Hi everyone,

Now that linalg on tensors has gained support for representing reductions and a fresh syntax (see https://reviews.llvm.org/D87767 and https://reviews.llvm.org/D87938), we are ready for pushing a little more in that direction.

At a high-level, the scope of the work will include developments in these directions.

# Named Ops and Spec Lang

Scaling up named ops and extending the infrastructure for lang support towards more advanced specifications (e.g. template types, rank agnostic spec, attributes or others, on a per need basis).

# Transformations on Linalg on Tensors

Implementing transformations that have traditionally been relying on memory and alias analysis to work on tensors (e.g. tiling, fusion, distribution, vectorization).
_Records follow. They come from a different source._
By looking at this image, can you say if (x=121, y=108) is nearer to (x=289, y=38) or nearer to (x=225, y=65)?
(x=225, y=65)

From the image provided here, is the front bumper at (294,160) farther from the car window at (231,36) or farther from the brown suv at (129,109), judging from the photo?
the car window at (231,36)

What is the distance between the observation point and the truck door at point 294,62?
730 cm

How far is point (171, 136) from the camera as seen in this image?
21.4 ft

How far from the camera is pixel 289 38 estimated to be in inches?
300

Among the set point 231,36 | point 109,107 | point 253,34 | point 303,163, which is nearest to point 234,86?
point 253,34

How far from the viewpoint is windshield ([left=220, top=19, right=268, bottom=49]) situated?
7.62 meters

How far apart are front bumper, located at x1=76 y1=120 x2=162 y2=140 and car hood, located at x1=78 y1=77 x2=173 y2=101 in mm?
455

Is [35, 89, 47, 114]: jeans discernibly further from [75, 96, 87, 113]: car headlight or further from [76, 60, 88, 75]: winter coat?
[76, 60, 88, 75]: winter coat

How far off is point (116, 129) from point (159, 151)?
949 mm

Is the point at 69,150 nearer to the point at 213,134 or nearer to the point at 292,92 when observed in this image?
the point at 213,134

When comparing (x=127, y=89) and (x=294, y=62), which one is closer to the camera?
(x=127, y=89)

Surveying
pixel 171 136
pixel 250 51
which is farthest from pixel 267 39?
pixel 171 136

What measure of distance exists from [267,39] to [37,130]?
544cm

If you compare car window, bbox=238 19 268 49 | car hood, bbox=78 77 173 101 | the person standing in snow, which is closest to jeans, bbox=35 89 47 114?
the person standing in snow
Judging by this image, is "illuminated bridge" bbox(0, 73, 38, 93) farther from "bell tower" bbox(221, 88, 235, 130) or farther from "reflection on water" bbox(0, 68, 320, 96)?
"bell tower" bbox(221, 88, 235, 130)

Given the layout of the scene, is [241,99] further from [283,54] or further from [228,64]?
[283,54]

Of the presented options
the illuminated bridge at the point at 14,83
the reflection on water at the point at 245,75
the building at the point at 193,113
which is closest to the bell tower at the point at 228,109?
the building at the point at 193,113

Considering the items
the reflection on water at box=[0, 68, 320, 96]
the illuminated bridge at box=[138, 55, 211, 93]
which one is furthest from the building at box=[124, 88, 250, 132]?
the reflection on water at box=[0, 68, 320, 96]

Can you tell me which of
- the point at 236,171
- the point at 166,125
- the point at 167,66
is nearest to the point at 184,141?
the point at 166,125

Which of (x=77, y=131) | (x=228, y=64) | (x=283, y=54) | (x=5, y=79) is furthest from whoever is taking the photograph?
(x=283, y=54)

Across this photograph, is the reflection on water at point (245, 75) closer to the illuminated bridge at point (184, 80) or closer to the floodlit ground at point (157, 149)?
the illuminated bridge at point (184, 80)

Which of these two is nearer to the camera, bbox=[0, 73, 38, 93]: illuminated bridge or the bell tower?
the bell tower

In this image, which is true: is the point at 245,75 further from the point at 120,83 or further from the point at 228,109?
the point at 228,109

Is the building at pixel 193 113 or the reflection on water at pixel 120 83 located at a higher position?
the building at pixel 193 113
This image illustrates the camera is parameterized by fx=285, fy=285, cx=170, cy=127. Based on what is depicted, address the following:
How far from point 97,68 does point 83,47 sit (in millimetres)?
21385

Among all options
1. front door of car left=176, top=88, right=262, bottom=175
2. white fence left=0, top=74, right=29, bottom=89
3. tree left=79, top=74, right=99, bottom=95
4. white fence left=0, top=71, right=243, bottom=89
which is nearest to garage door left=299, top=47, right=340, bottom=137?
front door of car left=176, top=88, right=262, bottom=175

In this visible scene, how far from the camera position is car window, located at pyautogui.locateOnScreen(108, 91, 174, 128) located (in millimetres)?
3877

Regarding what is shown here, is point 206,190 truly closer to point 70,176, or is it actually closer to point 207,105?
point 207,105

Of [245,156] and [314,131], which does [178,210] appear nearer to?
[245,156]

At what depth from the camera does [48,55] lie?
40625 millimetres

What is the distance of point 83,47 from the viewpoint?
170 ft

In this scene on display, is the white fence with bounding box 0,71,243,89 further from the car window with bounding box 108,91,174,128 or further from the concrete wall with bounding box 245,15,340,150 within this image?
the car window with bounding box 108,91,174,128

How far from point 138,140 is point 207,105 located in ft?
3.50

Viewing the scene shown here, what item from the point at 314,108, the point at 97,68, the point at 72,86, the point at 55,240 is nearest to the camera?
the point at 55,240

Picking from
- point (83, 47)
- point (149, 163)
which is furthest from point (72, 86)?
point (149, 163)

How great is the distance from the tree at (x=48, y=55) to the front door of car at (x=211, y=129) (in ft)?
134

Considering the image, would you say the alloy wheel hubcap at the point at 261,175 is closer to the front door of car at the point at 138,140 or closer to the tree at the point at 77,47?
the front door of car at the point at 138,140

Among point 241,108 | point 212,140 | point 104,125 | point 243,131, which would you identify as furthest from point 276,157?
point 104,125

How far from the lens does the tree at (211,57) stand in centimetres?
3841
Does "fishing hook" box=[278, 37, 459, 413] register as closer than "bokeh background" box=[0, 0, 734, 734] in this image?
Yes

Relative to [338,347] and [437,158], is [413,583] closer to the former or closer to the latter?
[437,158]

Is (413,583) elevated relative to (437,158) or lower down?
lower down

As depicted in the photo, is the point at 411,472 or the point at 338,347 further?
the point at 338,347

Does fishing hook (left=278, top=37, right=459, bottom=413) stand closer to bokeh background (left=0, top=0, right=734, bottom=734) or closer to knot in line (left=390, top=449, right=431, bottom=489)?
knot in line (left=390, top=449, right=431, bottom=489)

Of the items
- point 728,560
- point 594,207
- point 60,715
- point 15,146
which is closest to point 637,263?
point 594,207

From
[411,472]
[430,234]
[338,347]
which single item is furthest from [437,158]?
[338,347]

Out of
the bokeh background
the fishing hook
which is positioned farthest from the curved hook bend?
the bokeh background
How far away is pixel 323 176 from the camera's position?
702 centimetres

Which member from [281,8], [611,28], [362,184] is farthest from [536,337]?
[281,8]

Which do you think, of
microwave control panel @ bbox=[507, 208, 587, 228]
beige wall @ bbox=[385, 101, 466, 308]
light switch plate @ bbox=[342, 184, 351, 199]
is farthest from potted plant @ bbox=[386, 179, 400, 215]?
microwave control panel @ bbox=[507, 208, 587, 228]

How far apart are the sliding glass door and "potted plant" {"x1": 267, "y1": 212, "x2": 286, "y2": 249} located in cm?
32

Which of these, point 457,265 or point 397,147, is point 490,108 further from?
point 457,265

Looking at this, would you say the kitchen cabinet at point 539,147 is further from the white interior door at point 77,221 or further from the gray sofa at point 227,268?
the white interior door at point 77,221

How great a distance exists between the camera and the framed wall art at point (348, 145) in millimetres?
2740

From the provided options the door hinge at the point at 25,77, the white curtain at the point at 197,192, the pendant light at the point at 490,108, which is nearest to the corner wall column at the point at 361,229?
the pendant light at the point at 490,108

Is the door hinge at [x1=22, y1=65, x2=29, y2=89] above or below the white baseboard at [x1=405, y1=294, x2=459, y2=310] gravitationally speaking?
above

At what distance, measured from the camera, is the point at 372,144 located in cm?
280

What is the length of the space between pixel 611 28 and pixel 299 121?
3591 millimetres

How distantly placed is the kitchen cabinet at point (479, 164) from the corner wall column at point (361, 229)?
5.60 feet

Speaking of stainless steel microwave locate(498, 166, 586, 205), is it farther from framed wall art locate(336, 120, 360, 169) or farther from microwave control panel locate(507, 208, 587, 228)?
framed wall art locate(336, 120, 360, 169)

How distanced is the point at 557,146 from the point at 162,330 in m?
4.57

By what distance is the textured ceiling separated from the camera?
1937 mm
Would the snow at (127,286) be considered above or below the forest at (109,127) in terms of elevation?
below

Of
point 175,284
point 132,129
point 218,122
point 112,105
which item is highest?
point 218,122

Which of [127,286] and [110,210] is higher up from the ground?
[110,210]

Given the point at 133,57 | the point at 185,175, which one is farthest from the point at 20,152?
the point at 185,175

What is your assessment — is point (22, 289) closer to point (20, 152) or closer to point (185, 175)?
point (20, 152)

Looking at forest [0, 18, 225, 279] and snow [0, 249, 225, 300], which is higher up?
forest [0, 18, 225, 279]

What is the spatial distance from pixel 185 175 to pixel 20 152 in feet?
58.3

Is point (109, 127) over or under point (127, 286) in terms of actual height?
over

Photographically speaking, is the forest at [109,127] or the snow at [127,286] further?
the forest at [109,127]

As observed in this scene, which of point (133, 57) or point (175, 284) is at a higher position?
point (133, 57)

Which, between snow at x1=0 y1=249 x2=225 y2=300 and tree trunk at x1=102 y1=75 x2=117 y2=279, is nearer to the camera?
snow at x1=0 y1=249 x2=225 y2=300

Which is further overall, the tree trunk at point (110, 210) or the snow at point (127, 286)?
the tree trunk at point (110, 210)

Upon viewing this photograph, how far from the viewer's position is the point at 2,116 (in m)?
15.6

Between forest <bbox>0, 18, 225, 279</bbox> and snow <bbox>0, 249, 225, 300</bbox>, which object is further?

In this context, we’ll be experimenting with considering memory as a mere scratch space for optimization. The basic idea is that if one does not explicitly go through memory, LLVM will insert spills. Optimizing for memory will then consist of hoisting those LLVM-introduced fine-grained spills to coarser-grained MLIR-controlled alloc + load/stores.

A nice by-product is that use-def chains will be preserved which will is expected to help with transformations (e.g. S/L forwarding, fusion, vectorization among others) and make them future-proof to type changes (e.g. sparse).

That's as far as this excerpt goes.